Figure 7. Visualization of resulting time complexity (measured in millions and scaled into range 0–100) and test accuracy (measured in percentage) of all the ablation case studies.

Results of different datasets for different augmentation techniques

After the ablation study, the optimal model configuration is used for further analysis. The model is trained with each of the datasets described before and after conducting augmentation. As mentioned, two augmentation approaches were performed for each dataset, leading to three sets of results, including the result of the dataset before augmentation as shown in Table 5. Afterward, to further assess our model’s robustness, three deep learning algorithms, VGG16, InceptionV3, and ResNet50, are trained on each of the datasets. In this regard, the augmented dataset for which the best performance is achieved is used to train the deep learning models. In this section, the results are explained along with a discussion at the end of the section.

TABLE 5

Table 5. Results of datasets breast mammogram, skin cancer, chest X-ray, tympanic membrane, brain tumor MRI, chest cancer CT-scan, breast cancer microscopic biopsy image, and breast cancer ultrasound image.

Table 5 presents the computed results of our proposed model, MNet-10, evaluated on all the eight medical image datasets, both augmented and non-augmented. While testing the proposed model on the Breast mammogram, Breast cancer ultrasound, and tympanic membrane datasets, the highest test accuracies of 97.34, 98.75, and 96.31% were achieved utilizing the photometric augmentation technique. Similarly, testing the proposed model on the skin cancer dermoscopy, COVID chest X- dataset, chest CT scan, and Brain tumor MRI datasets, the findings indicate that the photometric augmentation technique prevails with accuracies of 98.43, 97.29, 99.82, and 99.54%, respectively. On the other hand, the geometric augmentation technique recorded a higher accuracy in terms of the breast cancer microscopic biopsy image dataset with an accuracy of 96.76%.

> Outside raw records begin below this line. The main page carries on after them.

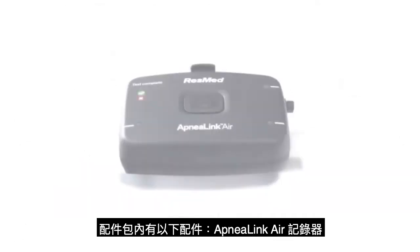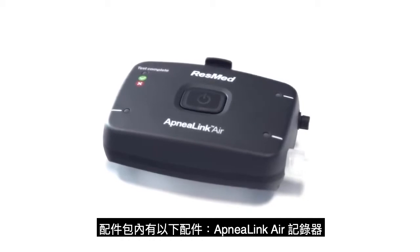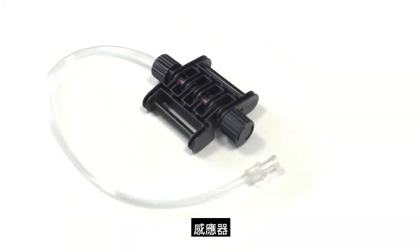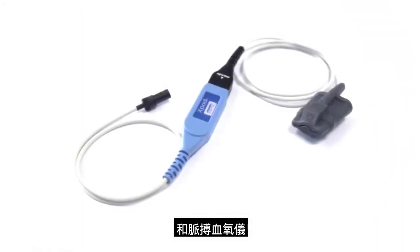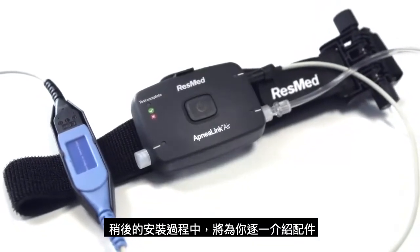When you open the pack, you find several components: the ApneaLink Air recorder, the belt, its effort sensor, the nasal cannula, and the pulse oximeter. We'll explain each of these parts as we assemble the system.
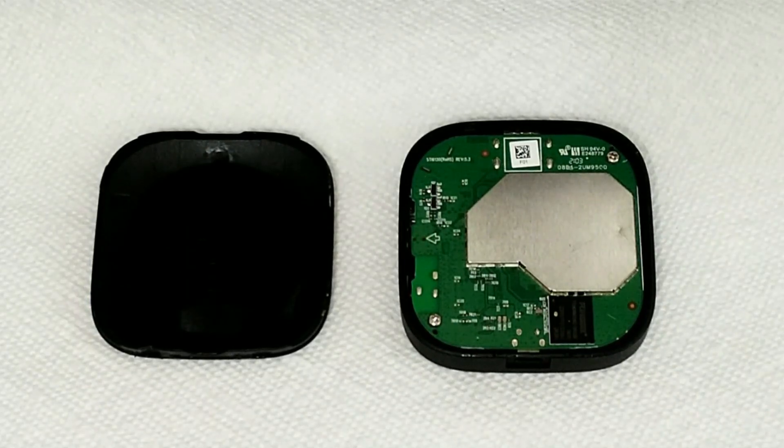Welcome everyone to another episode of Unscripted Coding. We've been doing a lot of coding on Unscripted Coding, but today we're going to look a little bit at hardware.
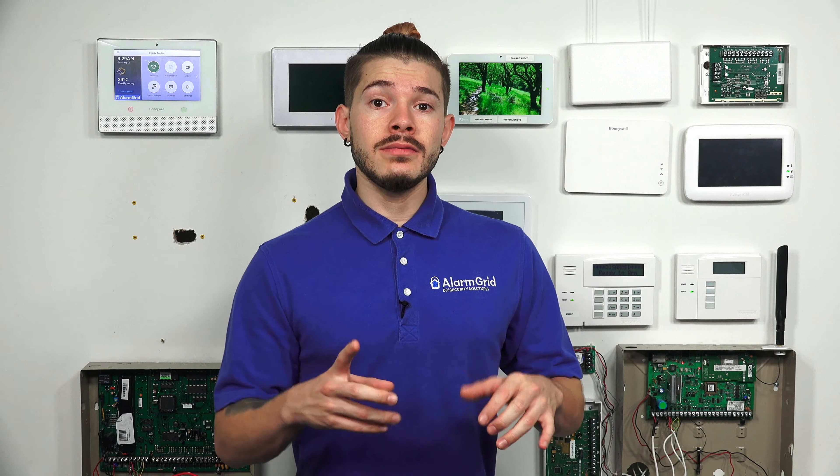Again, all you have to do is sign up for the correct monitoring plan. The company will activate the system, send you your welcome emails, and then you're free to use the application. They also have a website, so if you ever find yourself without cellular reception but have a computer in front of you, you can go to the Alarm.com website and log in to the platform that way as well.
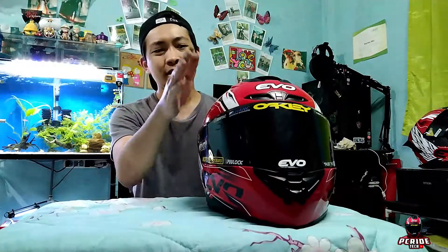So what's up my guys! Today's vlog or video, ito yung helmet na to na EVO — this is the EVO helmet that we're going to be working on today.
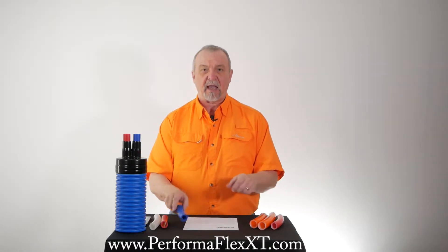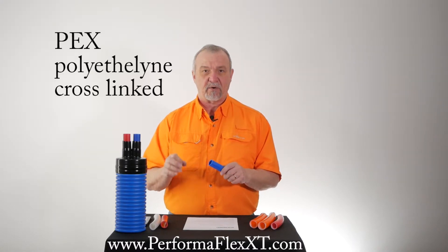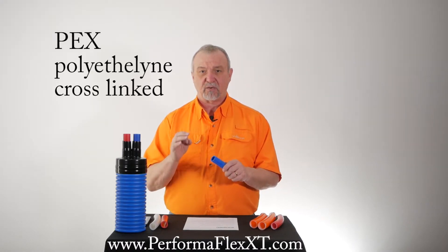What is PEX? PEX is a special kind of carrier pipe. PEX stands for polyethylene cross-linked.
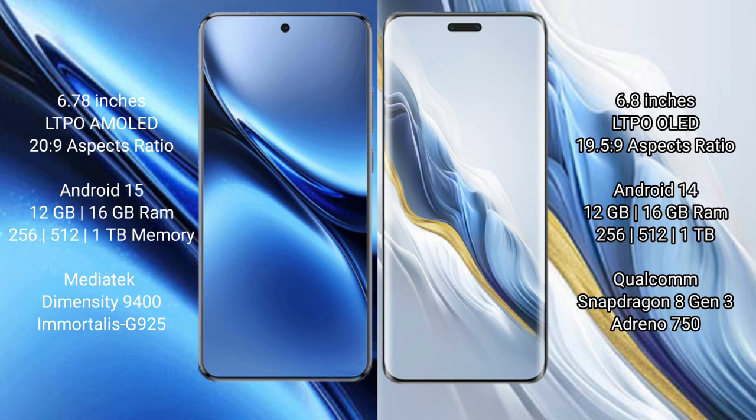Vivo X200 Pro runs on the Android 15 operating system. It comes with 12GB or 16GB RAM and 256GB, 512GB, or 1TB internal storage options. It is powered by the MediaTek Dimensity 9400 processor with GPU 925.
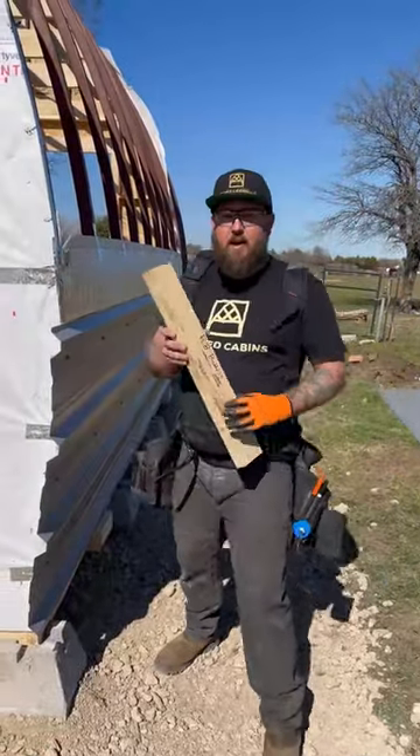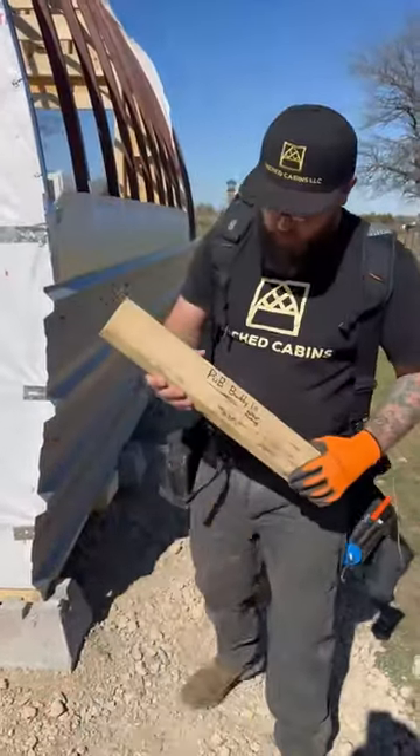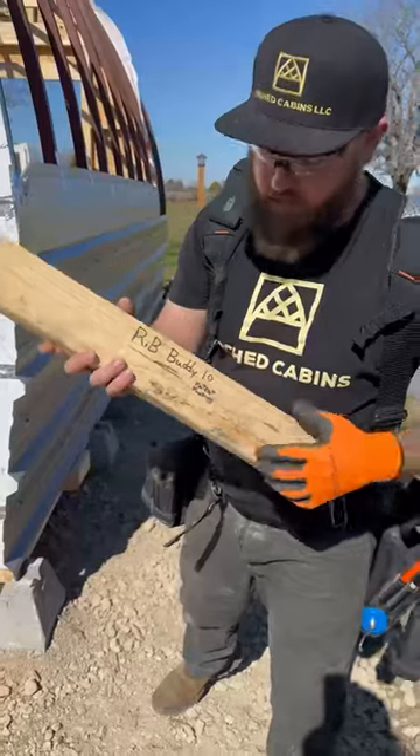Okay, everybody. What's up and welcome back to Arch Tips. I'm Jeremy Cruey. We're here today with the RibBuddy 1.0 patent pinning.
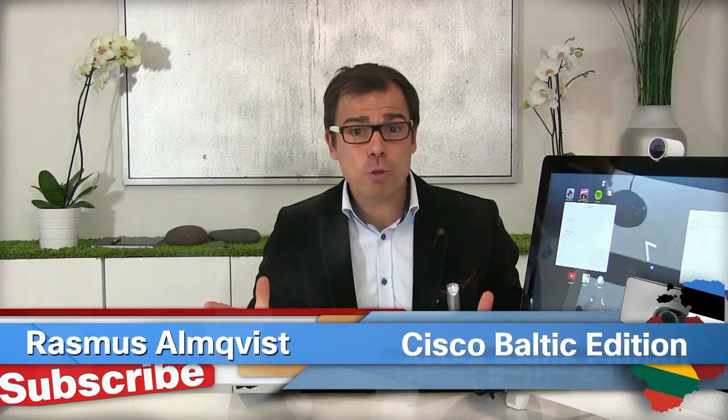Hello folks and welcome to Cisco Baltic Edition. Today I'm going to talk about a device that has the potential of revolutionizing the way people work, and that is the Cisco DX80. But instead of looking at the built-in features and functionalities of this little beauty, I will go back to basics and take a look at the physical design features. Welcome to a section I would like to call my personal top 5.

Figure 8 shows the accuracy curves for proposed MNet-10 on the best performing augmented datasets of all the medical image datasets. It is observed from all the eight accuracy curves that the training curve converges smoothly from the first to the last epoch showing approximately no bumps. The difference between the training accuracy and validation accuracy curve is minimal. In conclusion, after analyzing the training, no evidence of overfitting is found.

FIGURE 8

Figure 8. Accuracy curves for all the eight medical image datasets trained on proposed MNet-10.

A brief discussion of the augmentation results

Regarding image augmentation techniques, various outcomes can be observed from the eight different modalities. In most cases, the photometric image augmentation technique yields a better outcome in terms of test accuracies than the geometric augmentation technique (Table 5). For mammogram images, photometric augmentation provided the highest test accuracy of 97.34% (Table 5), whereas the accuracy is drastically reduced for geometric augmentation (90.32%). We assume that the reason behind this is the changing of the position of the cancer region (ROI) in the mammograms with the geometric augmentation technique. Breast cancer mammograms contain cancerous ROIs that are often hard to distinguish from dense tissues as they appear bright. Hence, because of the nature of the datasets, to successfully classify mammograms, it is important to preserve the ROI structure and position of the images as much as possible while augmenting them. With geometric augmentation techniques for complex datasets, the ROIs of resultant augmented images change position to an extent that less resembles real-world mammograms. Moreover, with the geometric augmentation technique, the position and details of ROIs in a complex medical image can be heavily altered, resulting in the loss of ROI information. It can be said that, along with other features, the geometric position is a crucial feature for these datasets and impacts greatly the performance of a model. While training a model with such augmented images, some features learned by the model may not even be related to features of a real-word test dataset. As a consequence, when a geometric axis is altered, the model tends to obtain results with higher false negative rates when differentiating classes.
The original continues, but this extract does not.